Aside from safety and inexperienced technology, Audi is seeking to enhance its customers’ infotainment expertise by keeping them informed and entertained, whereas at an equivalent time, alert to the road. Key to accomplishing this mission is software co-developer Elektrobit Automotive. The pair, who along are known as e.solutions, is keen on reducing the assembly time, improve the standard, and shorten generation gaps of in-car tech.

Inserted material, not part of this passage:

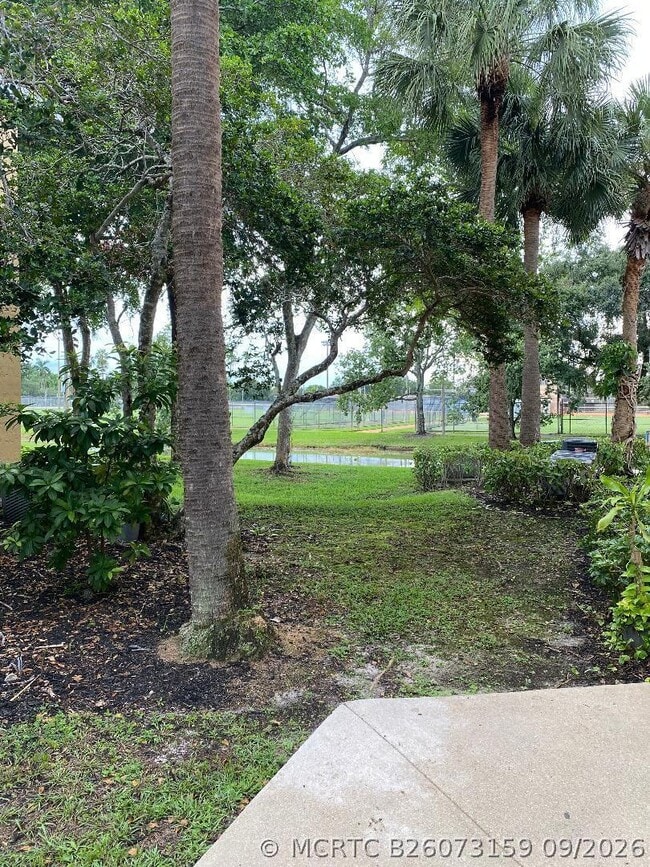 Building Photo - 1095 Coral Club Dr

It continues to meld and integrate the modular, hardware, and software aspects of latest systems, Stadler explained.
One forthcoming next-gen feature are going to be clear and vivid 3D heads-up displays that superimpose turn-by-turn arrows on actual streets seen ahead. Like today’s systems, they’ll additionally portray vehicle vitals like speed, temperature, etc. Navigation screens can still depict 3D maps in association with Google Maps.

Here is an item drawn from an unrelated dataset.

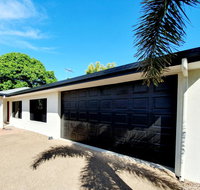 3 bedroom central home - Palm Beach Accommodation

“We found that if things are presented additional realistically, they need less driver attention and limit driver distraction,” Stadler announced.
During his keynote the chairman additionally highlighted the growing partnership Audi has established with software and hardware engineering firm NVIDIA. Jenson Huang, NVIDIA’s founder and CEO, was available to clarify his company’s latest Tegra a pair of system that currently powers the A8’s MMI.
According the Huang, Tegra a pair of is already powerful enough to form what he calls “virtual cockpits”, or those cockpits with totally digital displays and instruments.
“Doing a digital cockpit is unimaginable difficult,” Huang said. “The reason for that's that it's to possess crystal clear graphics, it's to render at sixty frames per second, and it's to appear realistic to the user. this can be the direction we’re going into.”
Such user interfaces are capable of nice visual feats.
“We will simulate any material,” Huang noted. “We will simulate metal. we are able to simulate aluminum or wood. however during this specific one (he points to a projected image) we’re simulating glass. And you'll be able to notice all the varied reflections, refractions, shadows and lighting.”
Stadler concluded with a prediction that looks all the additional plausible with every passing CES.
“Ultimately we tend to see a world where the automobile is totally connected to the globe of the net, to alternative cars, still on traffic and alternative knowledge streams. The automobile of the longer term is an element of the mobile world, in each sense of that word.”